Pemetaan terhadap daya beli kelas menengah atau atas akan berguna untuk menentukan seberapa besar pasokan barang-barang mewah dapat terserap ke dalam pasar. Dalam dimensi pasar, kelas menengah ke atas menjadi perhatian serius karena menjadi potensi besar pasar komoditas gaya hidup.
            Ketiga, berhubungan dengan persoalan kesejahteraan, yang urusannya kerap dikaitkan dengan kinerja pemerintahan. Dalam dimensi ini, yang paling penting adalah memperoleh informasi tentang kelas miskin, yaitu mengetahui seberapa besar jumlah orang miskin dan rawan miskin yang layak mendapat bantuan. Oleh karena itu, kelas miskin menjadi sorotan utama daripada kelas-kelas lain.
            Upaya pengelompokan kelas sosial sejak awal sudah menjadi persoalan teoretis dan metodologis yang penuh perdebatan. Dari sisi metodologis, pertanyaan substansial muncul terkait definisi kelas: apakah kelas dibentuk secara subyektif ataukah obyektif? Jika kelas dibentuk secara subyektif, artinya definisi kelas seseorang tergantung pada pengakuan.
            Meskipun model ini cukup baik karena di sana ada kesadaran kelas, kerap kali ia juga memiliki kelemahan mendasar karena umumnya kelas menengah ke atas tidak mau menempatkan dirinya lebih tinggi daripada kelas menengah.
            Jika pengelompokan dilakukan secara obyektif, apakah yang menjadi ukurannya? Apakah parameter ditentukan oleh seorang peneliti ataukah lewat kerja mesin yang dapat meminimalkan subyektivitas peneliti? Jika ditentukan peneliti, seberapa jauhkah obyektivitas dapat dijaga? Jika dilakukan oleh sebuah alat pemrograman, mampukah menghasilkan pemilahan yang memuaskan?
Kriteria penggolongan
            Karl Marx (1867) menggolongkan masyarakat ke dalam dua kelas: majikan/borjuis yang menguasai alat produksi, keuangan, lahan, dan teknologi produksi serta buruh/proletar yang menjual tenaganya untuk mendapatkan upah. Sebagai alat ideologi, dikotomi Marx berpengaruh sangat besar terhadap upaya-upaya perjuangan kelas.
            Namun, penjelasan dialektika oposisi ini belum cukup memuaskan untuk melihat realitas. Pertanyaannya, di manakah letak kaum profesional yang berada di antara kepentingan buruh dan majikan berada?

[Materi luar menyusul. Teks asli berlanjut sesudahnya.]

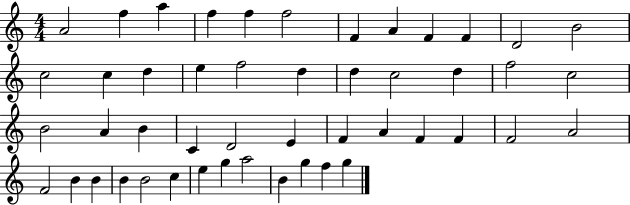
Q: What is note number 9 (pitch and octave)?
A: F4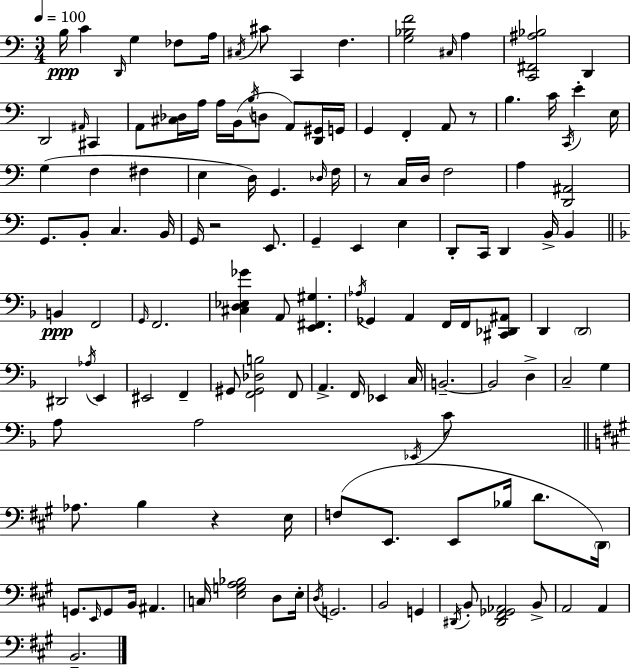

            Max Weber (1920) mengelaborasi kelas sosial dengan lebih luas ketika memandang persoalan kelas bukan hanya bagaimana kekuasaan (power) atas alat produksi terletak, tetapi juga menyangkut derajat ekonomi dan prestise. Tiga hal itu menjadi penentu untuk mengukur derajat kelas seseorang.
            Seseorang bisa saja berpenghasilan besar dan memiliki usaha dengan karyawan banyak. Namun, karena pendidikannya rendah, ia belum tentu masuk ke kelas atas. Sebaliknya, penyair atau sastrawan bisa masuk kelas menengah karena derajat pengetahuannya, meskipun ekonominya morat-marit dan tidak menguasai alat produksi kapitalistik.
Ibu rumah tangga yang hanya mengurus keluarga bisa masuk ke kelas menengah atas karena status pendidikannya tinggi dan punya suami kaya.
            Kini, pemetaan sudah lebih terukur dengan berkembangnya berbagai metode untuk mengklasifikasikan kelas sosial. W Lloyd Warner, ahli antropologi dan sosiologi dari Universitas Chicago, Amerika Serikat, pada tahun 1949 memublikasikan acuan prosedur untuk pengukuran status sosial. Ia menggunakan ukuran derajat pekerjaan, pendapatan, kualitas rumah, dan area tempat tinggal.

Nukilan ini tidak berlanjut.